About this exercise ::
In the entries that follow, repeat exactly the lines from the one that has "Ford Motor Company" through the one that has "Fly whisk - Wood - Suku - DR Congo", but omit pictures.

Supplied records ::
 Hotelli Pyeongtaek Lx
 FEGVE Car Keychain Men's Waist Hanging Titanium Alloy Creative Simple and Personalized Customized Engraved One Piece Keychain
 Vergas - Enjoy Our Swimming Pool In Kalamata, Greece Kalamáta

---

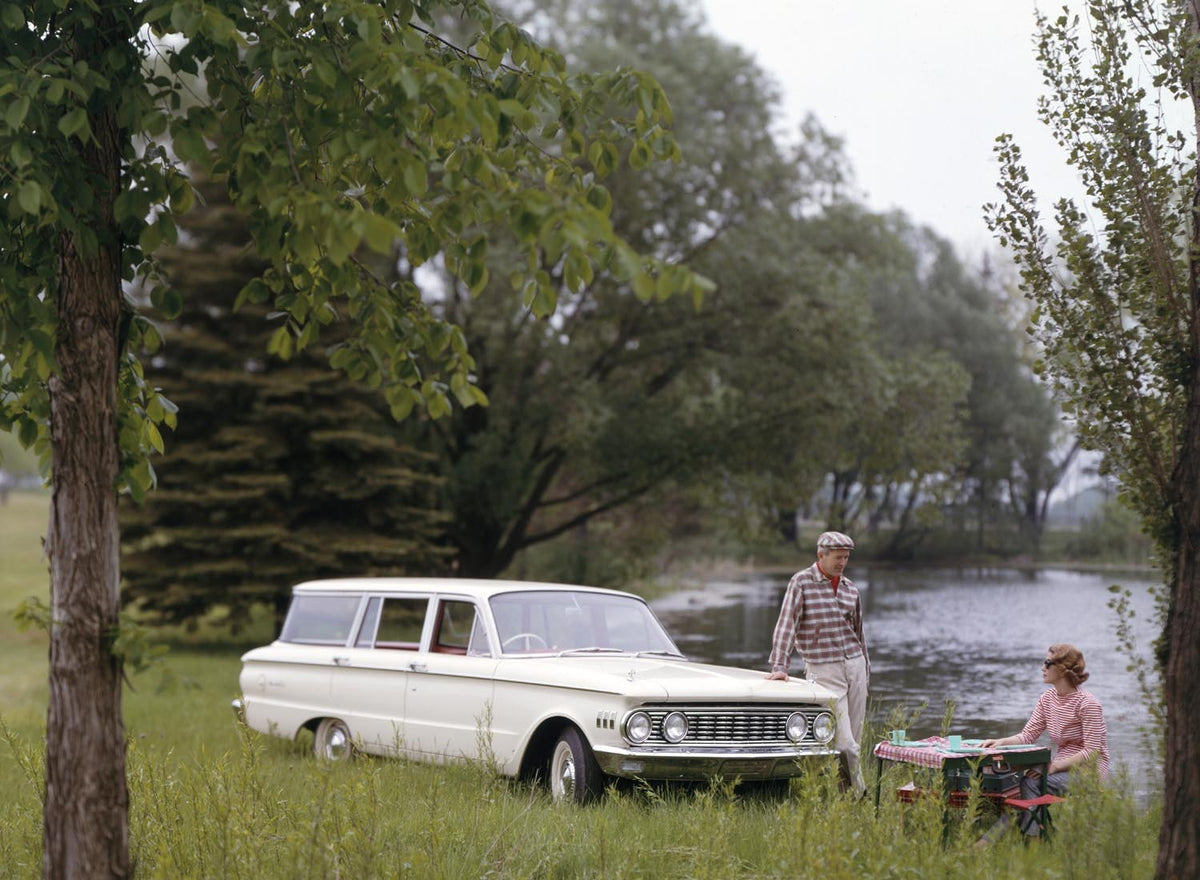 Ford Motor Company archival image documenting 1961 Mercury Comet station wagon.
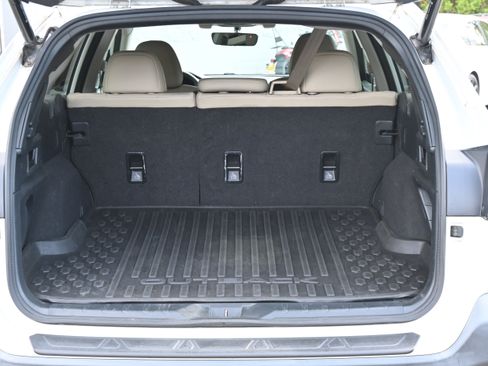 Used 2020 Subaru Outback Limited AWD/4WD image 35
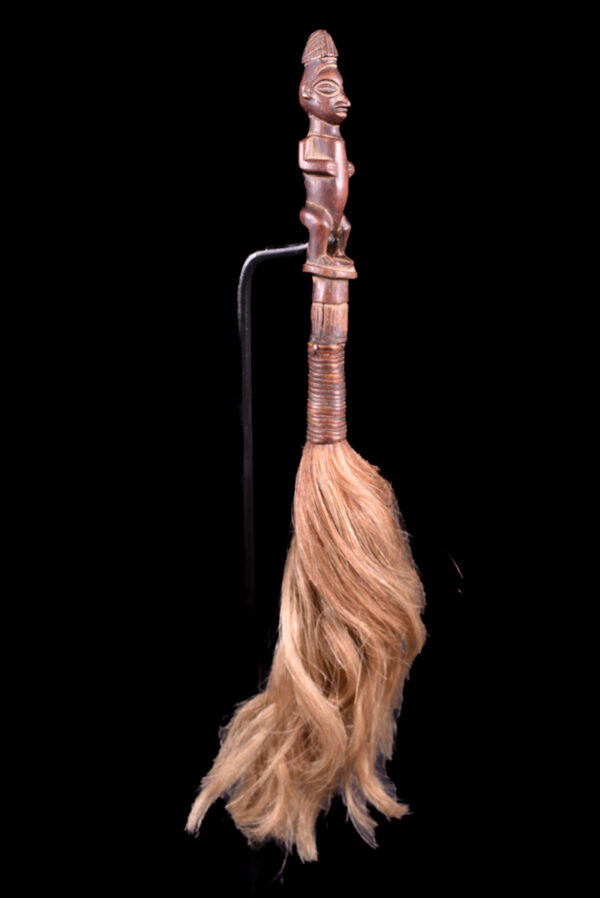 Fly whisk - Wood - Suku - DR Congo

Exercise output ::
 Ford Motor Company archival image documenting 1961 Mercury Comet station wagon.
 Used 2020 Subaru Outback Limited AWD/4WD image 35
 Fly whisk - Wood - Suku - DR Congo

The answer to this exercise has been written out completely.